To write the equation of this plane, we need a point on it and a vector perpendicular to it. We're already given that the point (2,0,1) is on the plane. The vector <3,-1,4> is parallel to the line x=4t, y=2-t, z=3+4t, and because this line is perpendicular to the plane we're dealing with, the vector <3,-1,4> is perpendicular to this plane. An equation for this plane is therefore <3,-1,4> times < - <2,0,1>>=0 If you found this helpful, I encourage to subscribe to our youtube channel https://www.youtube.com/channel/UCYiI7SmkU4_vhdSzKBWsifg, to stay current with all of our new videos. Regards, Academic Gurus Inc.

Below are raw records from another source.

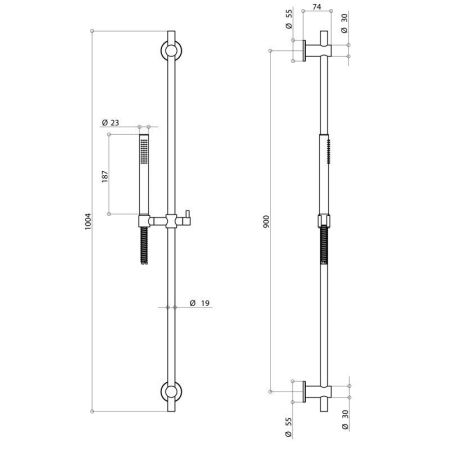 Bongio Time 2020 Настенная душевая стойка с шлангом и ручным душем, цвет нержавеющая сталь, артикул 70870AS00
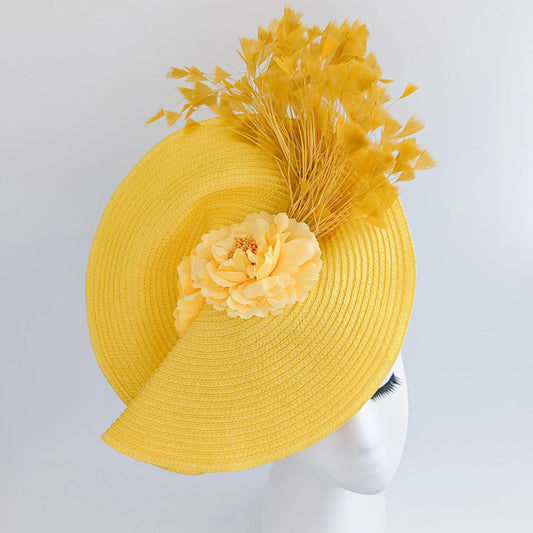 Yellow large woven straw flower feather fascinator hat - House of Hats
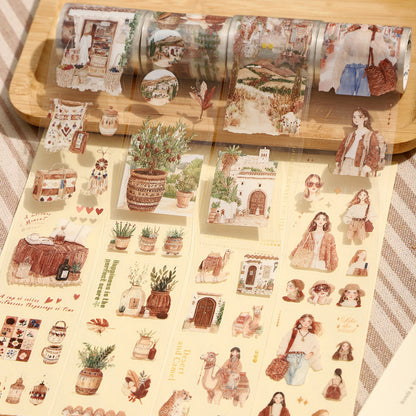 2m × 50mm Romantic Bohemian Style PET Die-Cut Scene Washi Tape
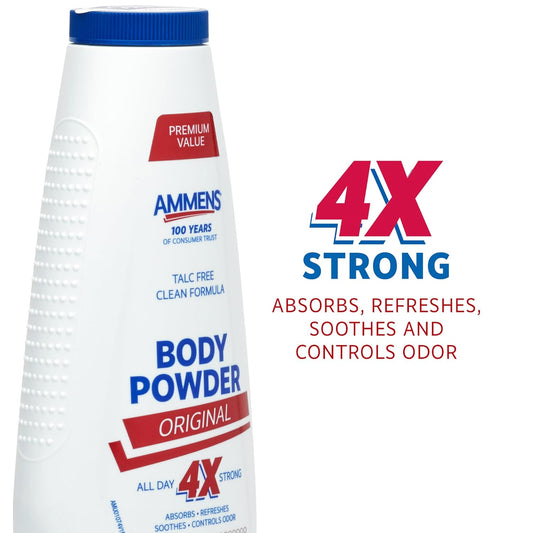 Ammens Original Body Powder - Talc Free Body Powder With Naturally Derived Cornstarch - Free From Dye And Parabens - Soothes Itchy Skin - 11 Oz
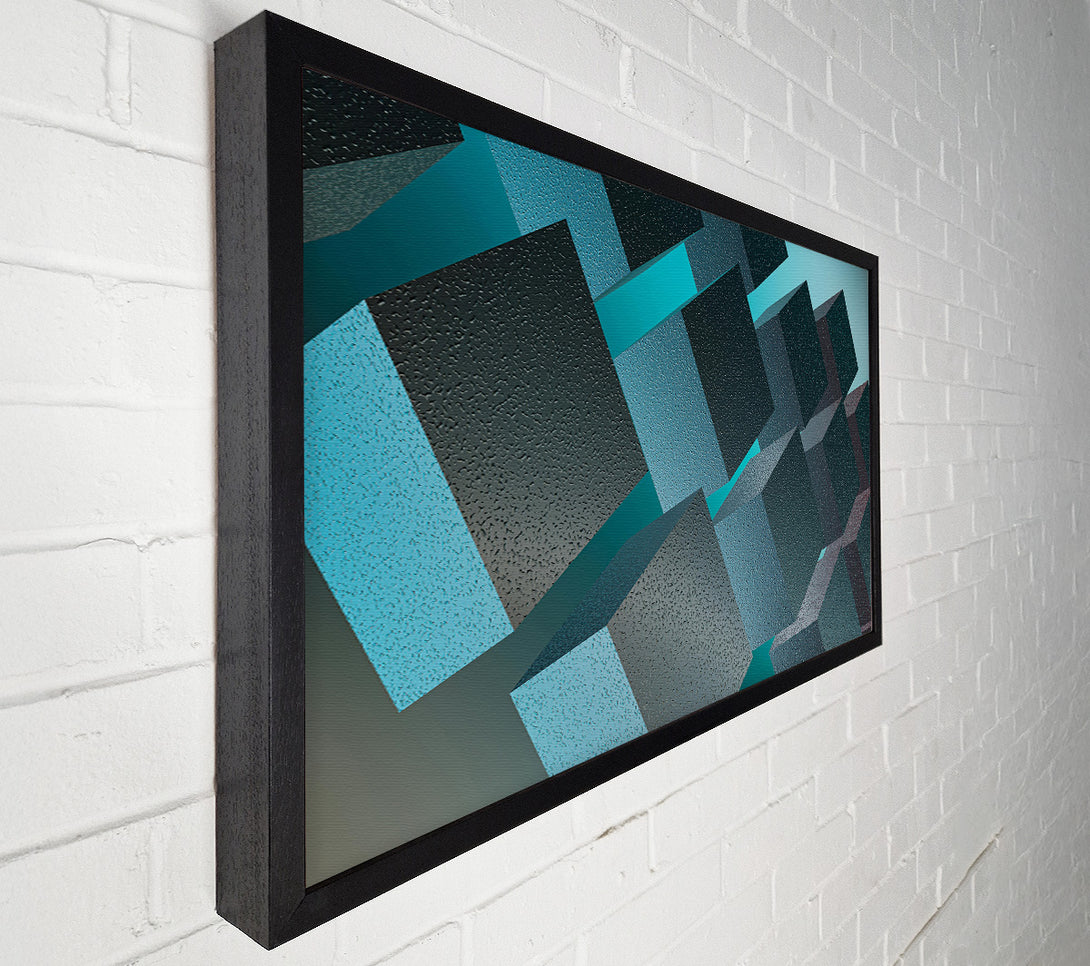  A Canvas Print of Teal Geometric Formations Canvas Print
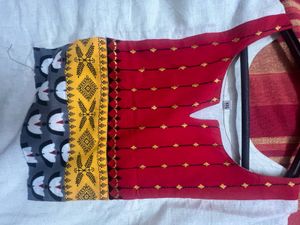 Red &amp; Yellow Kurta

Twitter (@Academic_Gurus) Facebook (AcademicGurusInc) Youtube (Academic Gurus Inc)

zephyr141 · Answer

so it's $$3x-2-y+4y-1=0$$$$3x-y+4y-3=0$$$$3x-y+4y=3$$

zephyr141 · Answer

my final answer will be $$3x-y+4y=3$$

zephyr141 · Answer

oh i made a mistake in my second comment. 3x needs to be positive in the first equation and negative in the vector at the end and in every following instance. so i guess my answer will be$$-3x-y+4y=3$$right?

alekos · Answer

I thought it would have been -3x - y + 4z = 3

zephyr141 · Answer

whoops. yeah i wrote y twice. sorry. multiple variables can mix me up a bit.